Luke 3:15-17, 21-22 As the people were filled with expectation, and all were questioning in their hearts concerning John, whether he might be the Messiah, John answered all of them by saying, “I baptize you with water; but one who is more powerful than I is coming; I am not worthy to untie the thong of his sandals. He will baptize you with the Holy Spirit and fire. His winnowing fork is in his hand, to clear his threshing floor and to gather the wheat into his granary; but the chaff he will burn with unquenchable fire.” Now when all the people were baptized, and when Jesus also had been baptized and was praying, the heaven was opened, and the Holy Spirit descended upon him in bodily form like a dove. And a voice came from heaven, “You are my Son, the Beloved; with you I am well pleased.”
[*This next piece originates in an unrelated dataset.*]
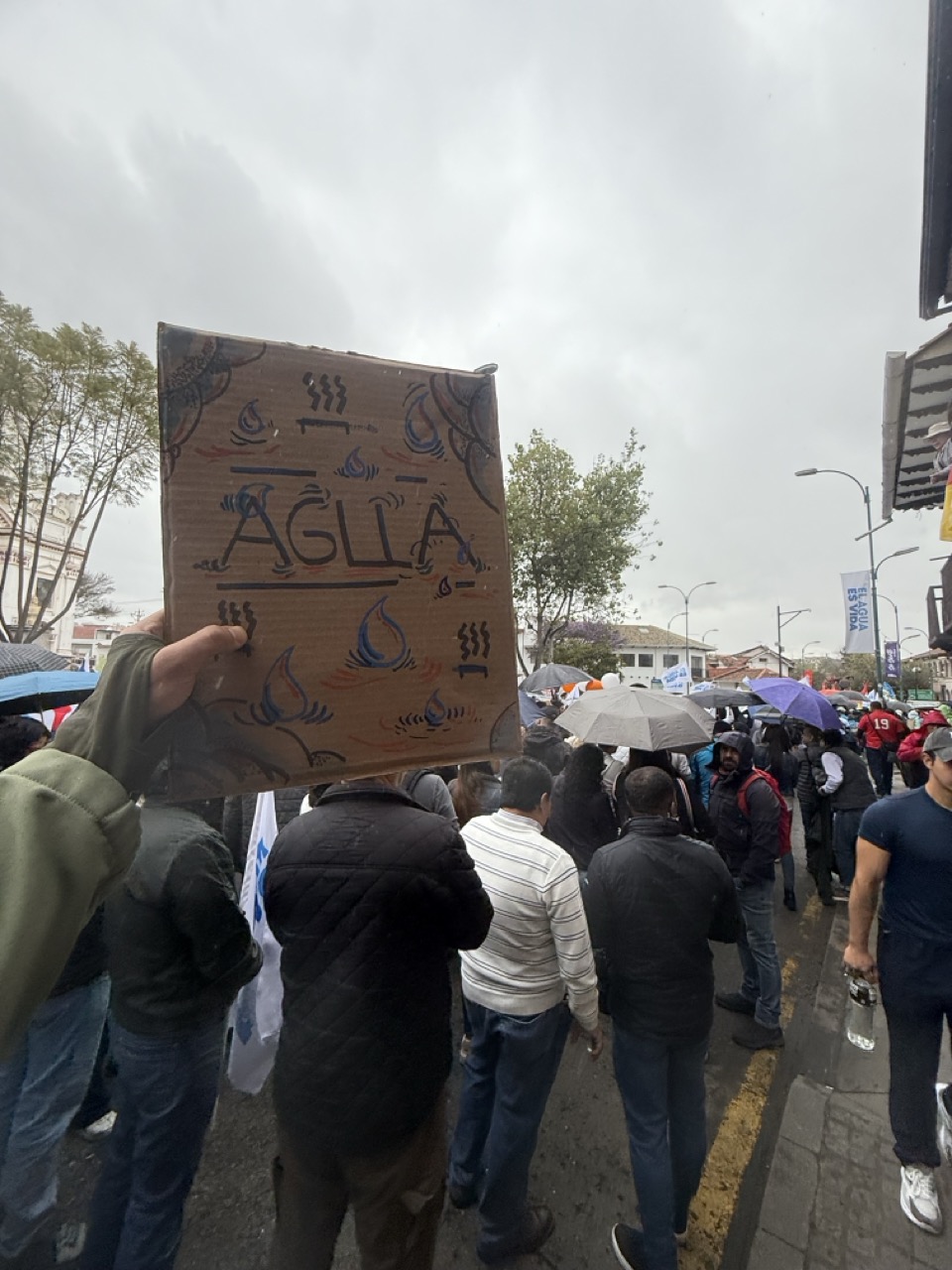 Participants carrying banners supporting water rights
  • I got a similar one last year! What do we do with that dove? I said that Holy Spirit descended as a dove descends (gently) not AS a dove! But do we continue to say “a dove descended and people somehow knew it was Holy Spirit presence?” or that the  spirit of God took on the form of a dove?  or … I’m not sure what value it has to insist that something miraculous happened – the kind of thing that no one in the room has ever seen – just to be ‘faithful’ … without dealing with the hermeneutics a little bit.

So there is what I see as the trouble with this week’s texts.  I checked out ‘Year B’ and they are no better. I would love your thoughts.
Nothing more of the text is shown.